Maintaining optimism is the key to going on with one’s life, Alar Tupp assures. He had two acquaintances, one with stomach cancer and the other with prostate cancer. As soon as they heard about the diagnosis, they both became depressed and began to drink to relieve their anxiety. Although they received treatment, both men died a few years later.
«This is where the faith comes in,» says Lea. The belief that it is possible to survive and live on.
«Cancer is not a death sentence if you believe in yourself,» Alar Tupp confirms. «If you do not believe it yourself, you are a goner.»
Alar Tupp sits in his white Dacia on Friday afternoon and drives to work. His boss had called and said that some pipes needed replacing. «When you are active, you have no time to think of bad things,» he says.
A sauna session is planned for the weekend. He built the sauna in a garage behind the house. When grandchildren come to visit him, «the life is as good as it gets,» he says.

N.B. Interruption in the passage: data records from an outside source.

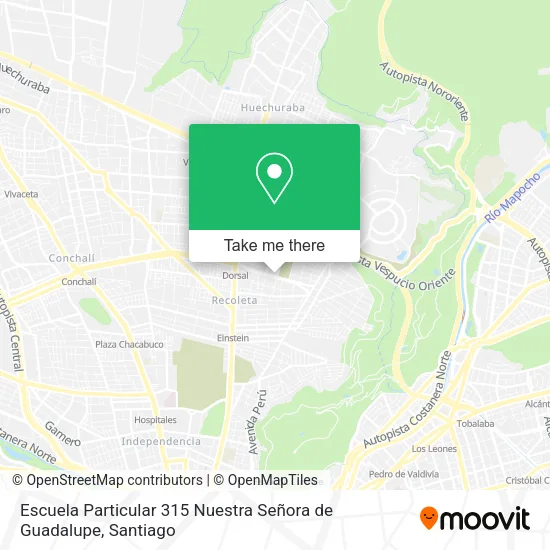 Escuela Particular 315 Nuestra Señora de Guadalupe map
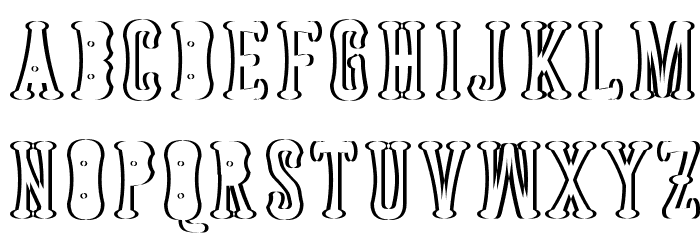 Astakhov Dished Shadow EF Serif Font LOWERCASE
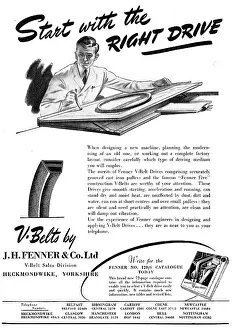 Fenner: J.H.Fenner V-Belts For Machine Tools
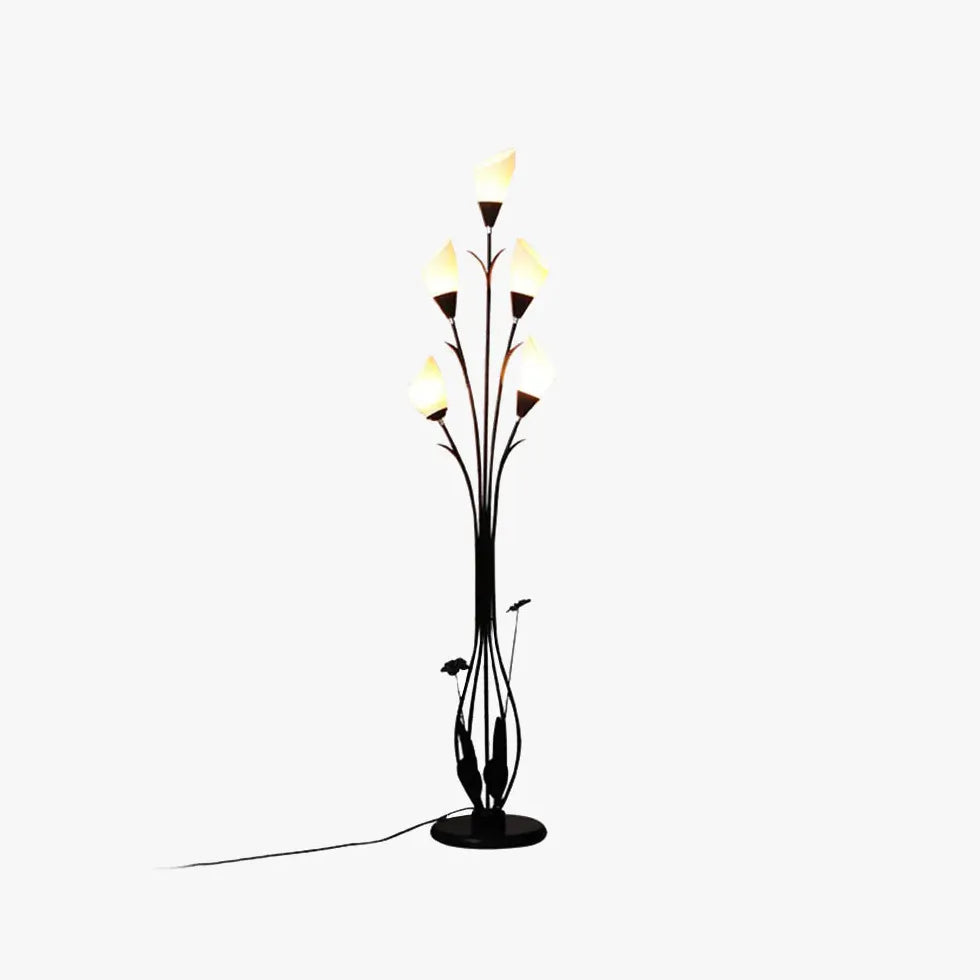 Black Floor Lamp For Bedroom Bella Metal Led Plug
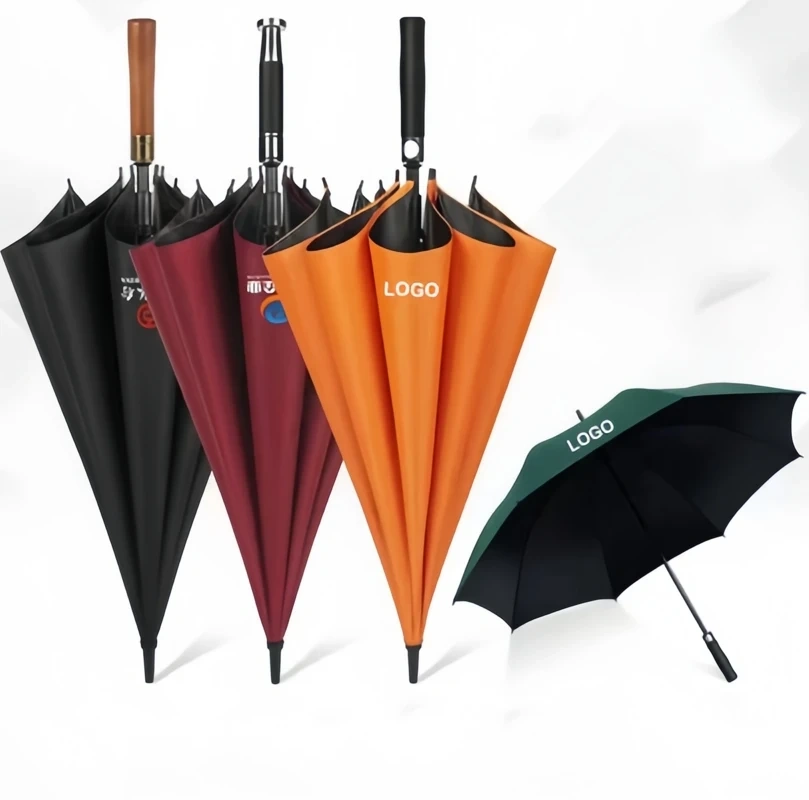 2024  Wholesale Top Sale  Business Gift Portable Straight Golf Umbrella With Logo for Outdoor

Tiring experience in Russia
Like everyone who has been diagnosed with cancer, Alar Tupp has wondered what might have caused the disease. He suggests two factors, admitting that these are mere conjectures.
In the second half of the 1980s, he served for two years in the Novaya Zemlya archipelago in the Arctic Ocean, home to the Soviet Union's nuclear training ground since the 1950s. Although Tupp spent most of his service in the kaptyorka or supplies room, radioactive clouds had repeatedly moved across the islands, although no one talked about it. It is said that a large part of the islands are still radioactively contaminated.
In the 1990s Tupp worked as a cook in construction sites in Moscow. His job was to prepare food for 80 men. There were 14-hour workdays that lasted for six weeks without any days off. Then he returned home for ten days before starting the next six-week cycle. This type of work lasted two years. «It was tiring,» Tupp says.
The aid which extends life
The cancer treatment fund The Gift of Life, established in 2014, has supported the treatment of more than 1,200 Estonia’s residents. The youngest of them was 5 years old and the oldest 83.
35-40 percent of people who were helped by the fund have lived at least one additional year. Several people have fully recovered with the help of the fund.
As of yesterday, The Gift of Life fund had raised almost three and a half million euros, of which slightly more than two and a half million came from donors.
Until this spring, the fund received 25-30 support applications per month. According to the founder Toivo Tänavsuu, the number of applicants has doubled in recent months.